SP Sadly I never met the Burtons or O’Toole. It was filmed in blocks. A very large cast and we weren’t filming at the same time.
DTN What was it like filming on location in Fishguard?
SP Fishguard, was grey, wet, windy. It was February. Why they filmed in that month I’ll never know. I always pictured UMW in the sun, on a summer’s day. We did some night filming, standing on a street for hours, and I remember one of the other actresss naming the spot ‘cystitis corner’.
DTN What other memories do you have of the filming?

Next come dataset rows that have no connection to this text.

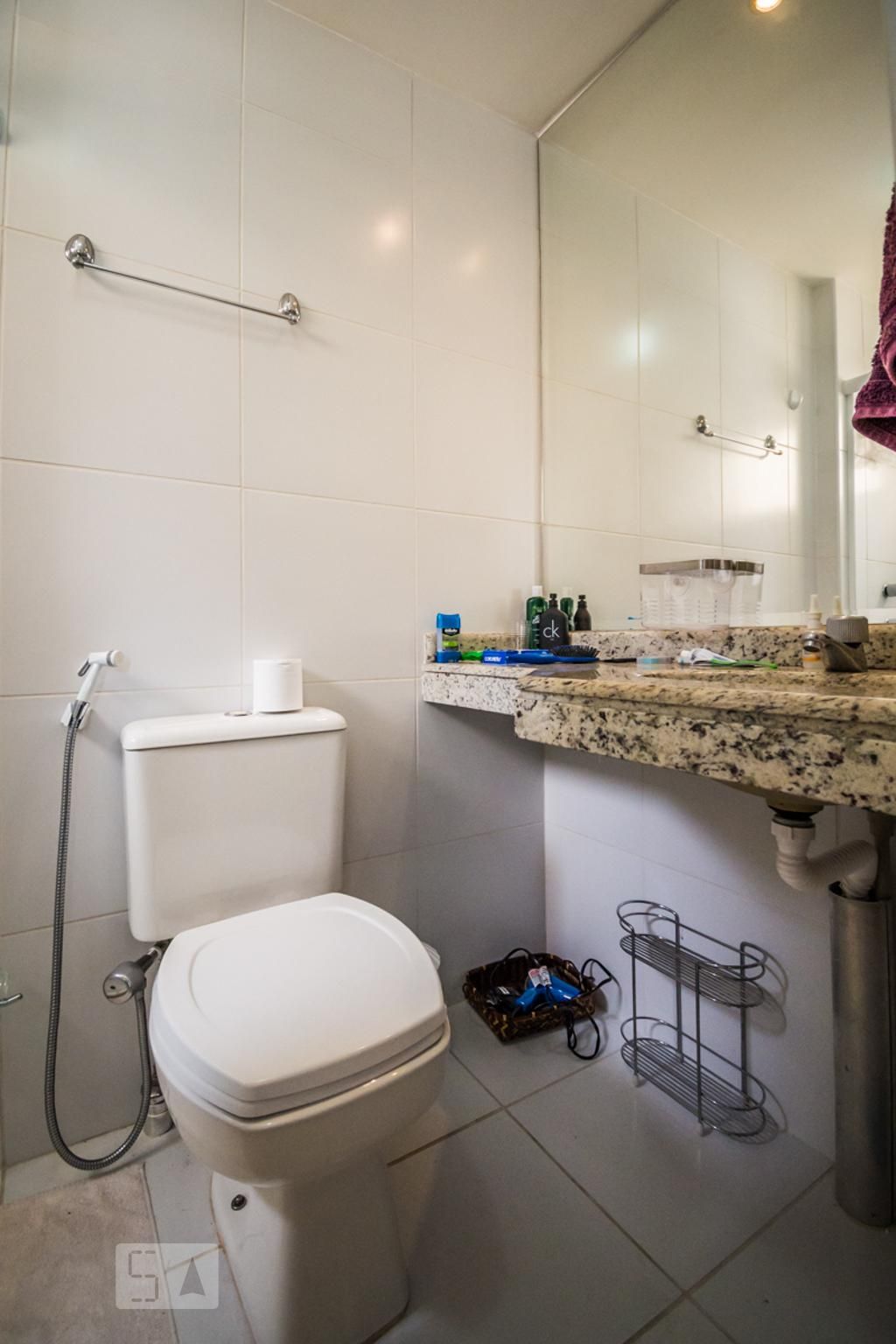 Apartamento à Venda - Cambuí, 3 Quartos,  80 m2 em , Campinas - sp | SoloBR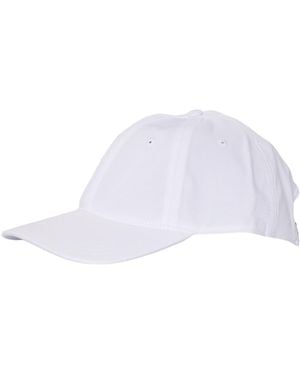 Lacoste Cap - White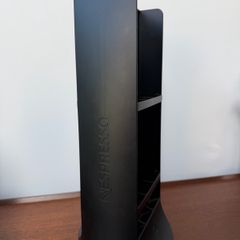 Nespresso rotating sleeve holder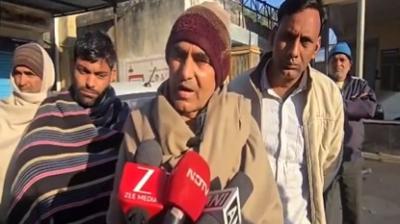 Kotputli, Rajasthan BLO death: Deceased Under Pressure, Pending Work, Claims Family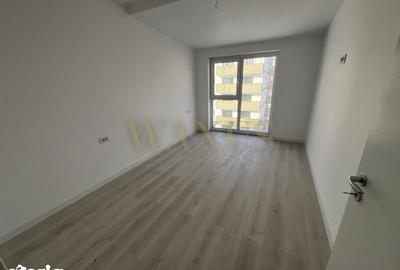 Apartament cu 3 camere în Cetății - 1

SP I remember the scene when Mae Rose Cottage has to draw lipstick on her breasts. It was filmed on the side of a hill on a freezing day. I was quite shy to have the crew looking at me topless, so Andrew Sinclair had a skeleton crew film me, cameraman, sound, DP, and him. The problem was, in the cold, the lipstick kept breaking and we had to do a number of takes. After each take the make-up man had to run up the hill to take the lipstick off which made a red splodge all over me. Andrew stood behind the camera with a megaphone shouting ‘be sexy’. Not sure he quite understood the actor’s ‘process’, Ha Ha. But he loved the words, and was obsessed with making the film, as all film makers should be.

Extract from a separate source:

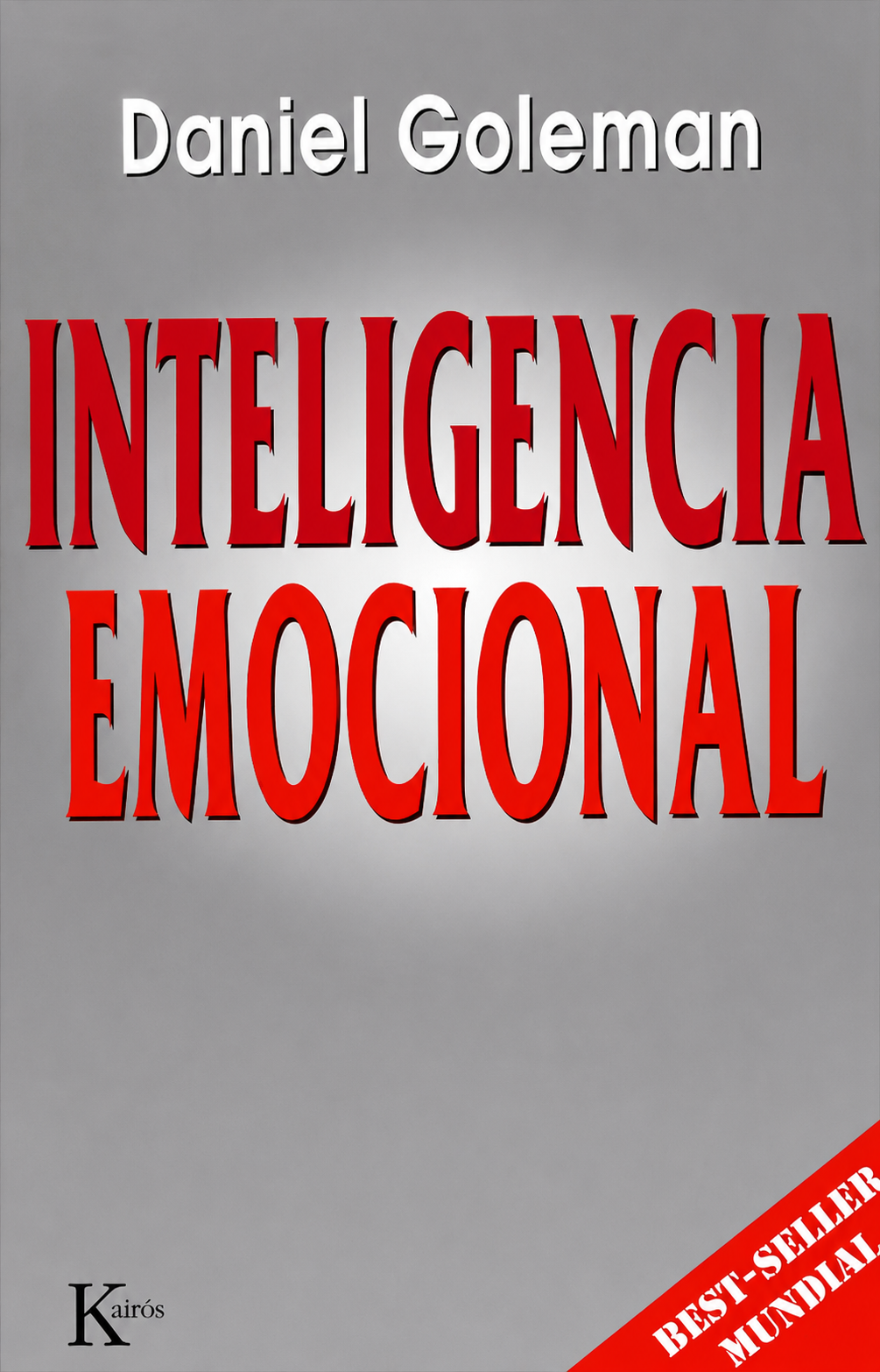 Inteligencia Emocional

I also remember the young David Jason, before he was known, fooling around in the bar, being very funny. I thought he’s going to be successful one day. True.
DTN What did you think of the finished film and it’s critical reception?
SP I can’t remember the reviews for the film, I don’t think they were very good. When I saw it I thought, it was written for radio and perhaps that’s where it works best.
DTN Do you ever bump into any of your fellow cast members?
SP I knew Angharad (Rees) quite well. Our son’s were the same age, and bizarrely looked similar when they were boys. It’s very sad she has gone.
DTN Do you have a favourite piece of Dylan Thomas’s work, or a favourite quotation?
SP All of it!
DTN Did you know of Dylan’s Cornish connection? (Dylan Thomas married Caitlin Macnamara in Penzance registry office in 1937).
SP I did know of the Cornish connection, in fact I wrote a poem about it.
(Susan has very kindly agreed to her poem appearing in this blog)
DYLAN THOMAS AND THE MERMAID OF ZENNORWho is it that combs her streaming hair
with dark carved lily teeth?
Only the mermaid calling melancholic from the cove,
blowing through deep water coils,
reverberating in the spongy hills.
And Dylan, unprepared,
drunkenly one day in Zennor,
up to his eyes in pinks and pathos,
heard the mermaid’s lament
full of Celtic cries and lost amour,
tangled by star fish weeds.
Lured down to the sands,
he stood bewitched before the sunken siren,
drowned his sorrows in a sea of words. © Susan Penhaligon
Susan has also written a novel “For The Love Of Angel”, published in 2008.
We’d like to thank Susan very much for sharing her memories of the filming.
The film is currently touring a number of independent cinemas in 2013.